La cosa trata sobre la vida en Chester’s Mill, un pueblo de Nueva Inglaterra cuya absoluta apacibilidad se ve entorpecida por la aparición de una cúpula de un material transparente inclasificable, que la cubre por entero. La cúpula ha irrumpido de forma inopinada, quedando unos fuera y otros dentro. La barrera incomunica y no permite que llegue ningún sonido a la otra parte. Ya se puede uno imaginar de qué va la serie. A rebufo de las grandes historias de catástrofes que se iniciaron en los 70 (La aventura del Poseidón, El coloso en llamas…), el fenómeno paranormal se convierte en excusa para mostrarnos el mosaico de unos personajes y su urdimbre de relaciones. Quizá las novelas de Stephen King que mejor se han adaptado a la gran pantalla han sido El Resplandor y Misery, especialmente la primera, que tuvo el acierto de garantizar el insomnio de toda una generación.
Pero, entre nosotros, yo ya estoy un poco cansado de las películas de catástrofes, de las que sales del cine manchado de barro y sustancias desconocidas. De un tiempo a esta parte, no se me ocurre llegar a un punto de arranque de este fenómeno, todas las películas que buscan una prospección hacia delante, nos garantizan un erial de futuro. A nadie se le ocurre diseñar un futuro mejor. Los zombies nos dejan en las raspas, los extraterrestres nos desasosiegan, nuestra capacidad de depredación nos roba el combustible natural del ecosistema…

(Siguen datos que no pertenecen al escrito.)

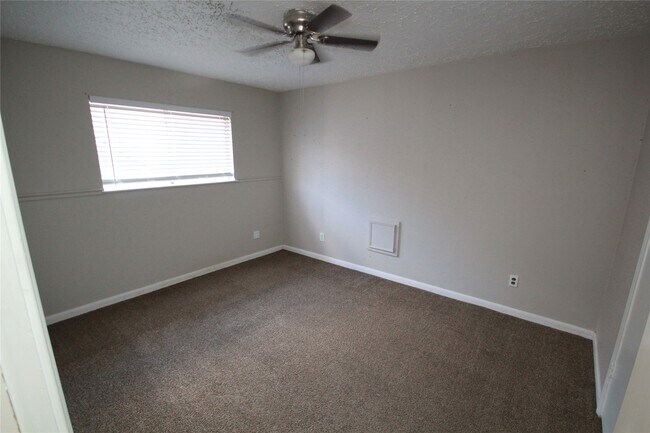 Building Photo - 22619 Braken Carter Ln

Hay un pacto de silencio entre las grandes productoras de entretenimiento para usar los efectos especiales en asuntos de destrucción masiva. Lo malo del catastrofismo es que el hombre padece siempre una situación de extraordinaria afectividad, es decir, vive un Gran Hermano hiperemotivo, tan capaz de acciones heroicas como de bajezas de alto calibre. Yo echo de menos la gran epopeya de lo cotidiano, las situaciones livianas, las menos insospechadas; ¿no pretendía algo así Walt Whitman con sus versos? Es que el hombre vive su destino en traje de faena y en tierra firme, no sobre el cable del funambulista.